- Para peneliti menggunakan kecerdasan buatan untuk menemukan hubungan antara berbagai gejala dan perjalanan penyakit Covid-19.
- Para ilmuwan mengembangkan algoritma yang mengenali pola dalam kumpulan data.
- Dengan bantuan data pelatihan, algoritme pembelajaran mandiri mampu menentukan enam kelompok gejala, yang darinya dapat diperoleh hasil yang diharapkan.
Batuk, demam, dan kehilangan penciuman dan rasa – meskipun gejala utama infeksi Covid-19 sudah diketahui, gejala-gejala tersebut belum dapat memberi tahu dokter apa pun tentang perjalanan penyakit pasien.
Para peneliti di King’s College London kini telah menggunakan kecerdasan buatan (AI) untuk menentukan hubungan antara gejala tertentu dan perjalanan penyakit Covid-19, seperti yang ditunjukkan dalam penelitian mereka. publikasi melaporkan.
Penelitian ini muncul sebagai penelitian pracetak, sehingga belum ditinjau oleh pakar lain di bidangnya. Namun, hasil tim asuhan Carole Sudre cukup menjanjikan.
Temuan ini memberikan wawasan penting mengenai pasien yang harus dipantau terutama pada tahap awal penyakit Covid-19, karena mereka mungkin rentan terhadap penyakit yang parah, kata Claire Steves, salah satu peneliti.

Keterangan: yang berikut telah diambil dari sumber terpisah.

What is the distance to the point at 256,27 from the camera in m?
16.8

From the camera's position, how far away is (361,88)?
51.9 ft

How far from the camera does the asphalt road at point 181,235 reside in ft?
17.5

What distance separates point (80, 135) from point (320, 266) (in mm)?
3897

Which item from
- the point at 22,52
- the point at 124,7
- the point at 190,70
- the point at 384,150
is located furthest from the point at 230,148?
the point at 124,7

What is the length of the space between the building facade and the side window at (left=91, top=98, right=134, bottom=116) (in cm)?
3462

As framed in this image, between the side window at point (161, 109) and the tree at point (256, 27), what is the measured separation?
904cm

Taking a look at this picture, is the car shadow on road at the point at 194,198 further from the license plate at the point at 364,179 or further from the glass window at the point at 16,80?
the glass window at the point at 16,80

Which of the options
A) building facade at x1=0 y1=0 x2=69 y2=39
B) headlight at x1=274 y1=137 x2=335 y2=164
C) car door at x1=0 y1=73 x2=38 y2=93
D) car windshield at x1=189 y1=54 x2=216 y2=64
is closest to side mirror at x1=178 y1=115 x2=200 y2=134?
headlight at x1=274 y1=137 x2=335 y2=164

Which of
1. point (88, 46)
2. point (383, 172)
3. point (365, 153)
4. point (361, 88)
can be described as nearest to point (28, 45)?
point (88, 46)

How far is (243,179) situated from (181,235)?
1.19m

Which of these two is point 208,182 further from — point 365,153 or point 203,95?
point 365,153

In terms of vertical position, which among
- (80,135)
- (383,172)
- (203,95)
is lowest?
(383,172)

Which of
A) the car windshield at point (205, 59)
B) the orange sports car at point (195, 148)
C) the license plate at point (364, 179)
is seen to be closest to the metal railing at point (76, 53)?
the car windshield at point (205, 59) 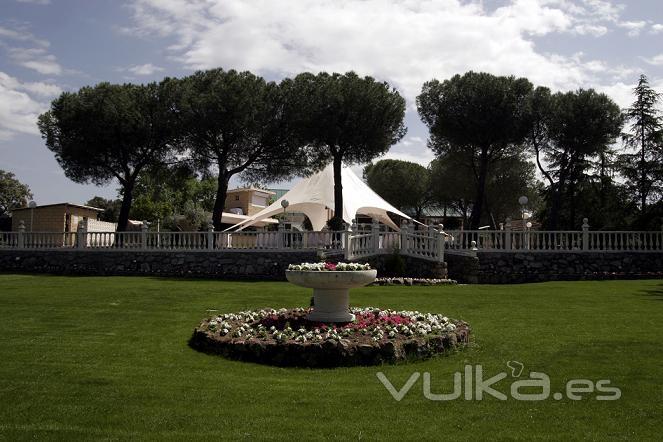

Sebuah algoritma mengidentifikasi enam kelompok gejala yang berbeda
Untuk mengetahui gejala awal mana yang menunjukkan risiko lebih tinggi mengalami gejala parah atau bahkan kebutuhan ventilasi di kemudian hari, para ilmuwan terlebih dahulu mengembangkan sebuah algoritma.
Ia mengenali pola-pola tertentu dalam kumpulan data dan mampu menganalisis gejala-gejala apa yang sama-sama dimiliki oleh orang-orang dengan perkembangan penyakit parah. Setelah melatih algoritme dengan 1.653 data pengujian dari pengguna aplikasi di AS dan Inggris, algoritme tersebut memproses 1.047 data yang tidak diketahui.
Dengan cara ini, algoritme dapat mengidentifikasi enam kelompok berikut berdasarkan keluhan awal:
1. Gejala mirip flu tanpa demam: Sakit kepala, kehilangan penciuman, nyeri otot, batuk, nyeri tenggorokan, nyeri dada, tidak demam
2. Gejala mirip flu disertai demam: Sakit kepala, kehilangan penciuman, batuk, sakit tenggorokan, suara serak, demam, kehilangan nafsu makan
3. Keluhan saluran cerna: Sakit kepala, kehilangan penciuman, kehilangan nafsu makan, diare, sakit tenggorokan, nyeri dada, tidak batuk
4. Gejala berat, level 1: Sakit kepala, kehilangan penciuman, batuk, demam, suara serak, nyeri dada, kelelahan
5. Gejala parah, stadium 2: Sakit kepala, kehilangan penciuman, kehilangan nafsu makan, batuk, demam, suara serak, sakit tenggorokan, nyeri dada, kelelahan, kebingungan, nyeri otot
6. Gejala parah, stadium 3: Sakit kepala, kehilangan penciuman, kehilangan nafsu makan, batuk, demam, suara serak, sakit tenggorokan, nyeri dada, kelelahan, kebingungan, nyeri otot, sesak napas, diare, sakit perut
20 persen pasien dari salah satu kelompok harus diberi ventilasi
Apa yang ditemukan AI adalah: 1,5 persen pasien di kelompok 1 kemungkinan besar akan mengalami perjalanan penyakit yang parah di kemudian hari sehingga mereka memerlukan ventilasi. Klaster 2 sebanyak 4,4 persen, klaster 3 sebanyak 3,3 persen pasien.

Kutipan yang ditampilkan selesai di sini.